Instructions for the task -> Verbatim, and with nothing else, reproduce the data below from its first line through the line containing "Touch TV Cabinet – Artisan Oak & Matt White".

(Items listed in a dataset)

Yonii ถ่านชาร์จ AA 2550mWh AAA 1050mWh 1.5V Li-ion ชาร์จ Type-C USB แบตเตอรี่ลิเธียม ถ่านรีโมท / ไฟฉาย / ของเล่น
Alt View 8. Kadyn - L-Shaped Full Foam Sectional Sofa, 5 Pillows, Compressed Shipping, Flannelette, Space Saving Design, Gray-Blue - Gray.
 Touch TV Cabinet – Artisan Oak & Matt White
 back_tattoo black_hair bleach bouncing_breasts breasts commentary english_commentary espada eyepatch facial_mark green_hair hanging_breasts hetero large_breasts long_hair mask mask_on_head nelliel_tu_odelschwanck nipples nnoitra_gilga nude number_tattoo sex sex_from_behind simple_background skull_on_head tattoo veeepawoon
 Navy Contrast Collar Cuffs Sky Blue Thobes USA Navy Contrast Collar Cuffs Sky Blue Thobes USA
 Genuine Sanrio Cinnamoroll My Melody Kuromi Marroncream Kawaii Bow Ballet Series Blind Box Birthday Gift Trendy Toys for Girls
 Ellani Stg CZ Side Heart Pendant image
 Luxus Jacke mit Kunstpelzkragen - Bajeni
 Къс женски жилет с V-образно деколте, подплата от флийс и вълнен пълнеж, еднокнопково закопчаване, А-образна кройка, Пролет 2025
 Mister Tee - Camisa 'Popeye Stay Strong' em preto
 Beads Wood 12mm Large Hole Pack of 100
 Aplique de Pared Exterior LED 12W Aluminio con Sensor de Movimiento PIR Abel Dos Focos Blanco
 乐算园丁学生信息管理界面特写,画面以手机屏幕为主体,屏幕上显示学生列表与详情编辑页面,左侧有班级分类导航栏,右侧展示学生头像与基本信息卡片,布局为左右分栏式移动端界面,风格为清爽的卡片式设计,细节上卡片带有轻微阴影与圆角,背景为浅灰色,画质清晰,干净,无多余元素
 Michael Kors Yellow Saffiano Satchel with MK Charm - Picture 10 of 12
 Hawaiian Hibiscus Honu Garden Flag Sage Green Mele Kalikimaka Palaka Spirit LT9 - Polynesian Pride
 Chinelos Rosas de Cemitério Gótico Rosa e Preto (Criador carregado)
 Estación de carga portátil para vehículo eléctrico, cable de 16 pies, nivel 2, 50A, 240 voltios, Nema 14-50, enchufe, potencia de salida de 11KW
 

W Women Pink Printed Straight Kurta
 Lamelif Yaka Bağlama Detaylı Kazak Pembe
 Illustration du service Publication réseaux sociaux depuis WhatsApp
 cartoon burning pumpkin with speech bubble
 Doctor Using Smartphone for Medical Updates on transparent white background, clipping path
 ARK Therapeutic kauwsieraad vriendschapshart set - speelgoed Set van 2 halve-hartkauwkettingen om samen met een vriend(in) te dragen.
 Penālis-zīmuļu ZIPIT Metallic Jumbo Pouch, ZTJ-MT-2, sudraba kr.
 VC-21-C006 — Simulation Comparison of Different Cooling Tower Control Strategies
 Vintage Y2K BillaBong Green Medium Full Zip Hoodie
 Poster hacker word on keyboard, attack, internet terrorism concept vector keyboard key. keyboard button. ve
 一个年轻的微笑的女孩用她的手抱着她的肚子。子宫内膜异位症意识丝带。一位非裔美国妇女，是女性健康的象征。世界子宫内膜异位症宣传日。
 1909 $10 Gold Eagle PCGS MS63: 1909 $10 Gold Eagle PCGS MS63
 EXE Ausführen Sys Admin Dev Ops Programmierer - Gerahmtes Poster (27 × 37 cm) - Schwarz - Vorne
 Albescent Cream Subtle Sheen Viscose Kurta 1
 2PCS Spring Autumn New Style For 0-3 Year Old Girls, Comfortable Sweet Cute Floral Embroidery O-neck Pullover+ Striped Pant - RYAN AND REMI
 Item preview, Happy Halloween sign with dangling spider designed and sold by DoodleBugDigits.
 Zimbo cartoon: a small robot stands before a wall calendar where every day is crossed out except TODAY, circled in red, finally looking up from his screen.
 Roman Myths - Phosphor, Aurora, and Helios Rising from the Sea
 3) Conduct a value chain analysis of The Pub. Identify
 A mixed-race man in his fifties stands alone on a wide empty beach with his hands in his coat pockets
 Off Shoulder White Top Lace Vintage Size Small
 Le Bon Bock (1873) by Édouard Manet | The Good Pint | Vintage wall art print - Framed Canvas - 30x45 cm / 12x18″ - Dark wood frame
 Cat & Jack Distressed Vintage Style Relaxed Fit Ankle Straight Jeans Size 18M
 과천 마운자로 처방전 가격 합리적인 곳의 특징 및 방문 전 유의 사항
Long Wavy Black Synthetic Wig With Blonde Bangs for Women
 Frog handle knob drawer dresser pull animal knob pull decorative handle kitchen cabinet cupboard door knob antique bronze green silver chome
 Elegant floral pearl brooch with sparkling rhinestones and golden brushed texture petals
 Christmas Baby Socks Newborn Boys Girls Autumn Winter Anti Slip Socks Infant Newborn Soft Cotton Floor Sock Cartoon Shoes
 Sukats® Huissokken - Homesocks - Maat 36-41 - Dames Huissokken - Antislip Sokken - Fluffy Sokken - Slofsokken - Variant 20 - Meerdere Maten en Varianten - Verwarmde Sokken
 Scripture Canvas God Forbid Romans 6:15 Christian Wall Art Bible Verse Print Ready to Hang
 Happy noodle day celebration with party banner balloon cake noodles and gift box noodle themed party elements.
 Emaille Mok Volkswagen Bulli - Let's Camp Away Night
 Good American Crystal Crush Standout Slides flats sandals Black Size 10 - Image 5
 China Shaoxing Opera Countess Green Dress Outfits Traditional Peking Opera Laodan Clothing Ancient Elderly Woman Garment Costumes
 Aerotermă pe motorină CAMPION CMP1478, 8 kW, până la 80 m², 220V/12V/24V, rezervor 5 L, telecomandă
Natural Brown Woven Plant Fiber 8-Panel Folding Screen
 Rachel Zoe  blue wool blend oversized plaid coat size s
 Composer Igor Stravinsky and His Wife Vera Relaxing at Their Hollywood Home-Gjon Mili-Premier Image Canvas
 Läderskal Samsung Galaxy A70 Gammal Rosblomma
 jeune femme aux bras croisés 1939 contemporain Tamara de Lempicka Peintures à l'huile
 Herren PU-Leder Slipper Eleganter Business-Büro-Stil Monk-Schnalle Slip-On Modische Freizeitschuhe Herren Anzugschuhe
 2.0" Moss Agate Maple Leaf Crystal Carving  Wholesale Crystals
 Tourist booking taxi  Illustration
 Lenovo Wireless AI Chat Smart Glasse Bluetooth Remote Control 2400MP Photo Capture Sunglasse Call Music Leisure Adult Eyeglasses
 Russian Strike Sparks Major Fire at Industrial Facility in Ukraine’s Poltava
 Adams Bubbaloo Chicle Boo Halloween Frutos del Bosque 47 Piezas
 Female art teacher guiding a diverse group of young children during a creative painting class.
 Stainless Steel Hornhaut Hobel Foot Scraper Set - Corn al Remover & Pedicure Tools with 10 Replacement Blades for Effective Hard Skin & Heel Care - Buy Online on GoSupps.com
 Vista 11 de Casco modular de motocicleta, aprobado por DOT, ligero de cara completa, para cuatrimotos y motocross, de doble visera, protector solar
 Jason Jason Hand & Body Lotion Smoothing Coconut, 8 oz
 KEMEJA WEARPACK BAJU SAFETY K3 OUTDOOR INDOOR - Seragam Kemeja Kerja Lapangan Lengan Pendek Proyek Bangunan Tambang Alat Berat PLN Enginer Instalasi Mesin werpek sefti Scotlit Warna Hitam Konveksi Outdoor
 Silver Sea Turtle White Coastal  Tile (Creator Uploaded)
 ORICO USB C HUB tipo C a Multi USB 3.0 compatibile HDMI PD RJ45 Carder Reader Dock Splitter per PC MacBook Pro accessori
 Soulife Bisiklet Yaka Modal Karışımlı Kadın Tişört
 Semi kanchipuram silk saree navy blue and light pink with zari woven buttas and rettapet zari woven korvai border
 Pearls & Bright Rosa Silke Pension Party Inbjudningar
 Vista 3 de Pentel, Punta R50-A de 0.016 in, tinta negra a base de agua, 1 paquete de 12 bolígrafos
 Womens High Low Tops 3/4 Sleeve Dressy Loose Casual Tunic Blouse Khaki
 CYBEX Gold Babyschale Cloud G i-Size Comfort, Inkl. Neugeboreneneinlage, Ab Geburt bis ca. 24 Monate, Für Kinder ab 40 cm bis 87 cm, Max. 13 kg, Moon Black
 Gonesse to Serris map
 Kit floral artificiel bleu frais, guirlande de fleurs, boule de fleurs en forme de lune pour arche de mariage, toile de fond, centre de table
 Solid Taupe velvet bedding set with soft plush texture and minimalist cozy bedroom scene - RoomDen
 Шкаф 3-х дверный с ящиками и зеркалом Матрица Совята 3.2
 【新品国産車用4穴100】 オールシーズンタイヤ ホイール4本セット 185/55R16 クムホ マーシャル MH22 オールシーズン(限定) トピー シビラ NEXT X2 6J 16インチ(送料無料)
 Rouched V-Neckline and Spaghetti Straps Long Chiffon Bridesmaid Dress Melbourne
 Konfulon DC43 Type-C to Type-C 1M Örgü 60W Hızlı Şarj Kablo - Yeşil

Exercise answer ->
Yonii ถ่านชาร์จ AA 2550mWh AAA 1050mWh 1.5V Li-ion ชาร์จ Type-C USB แบตเตอรี่ลิเธียม ถ่านรีโมท / ไฟฉาย / ของเล่น
Alt View 8. Kadyn - L-Shaped Full Foam Sectional Sofa, 5 Pillows, Compressed Shipping, Flannelette, Space Saving Design, Gray-Blue - Gray.
 Touch TV Cabinet – Artisan Oak & Matt White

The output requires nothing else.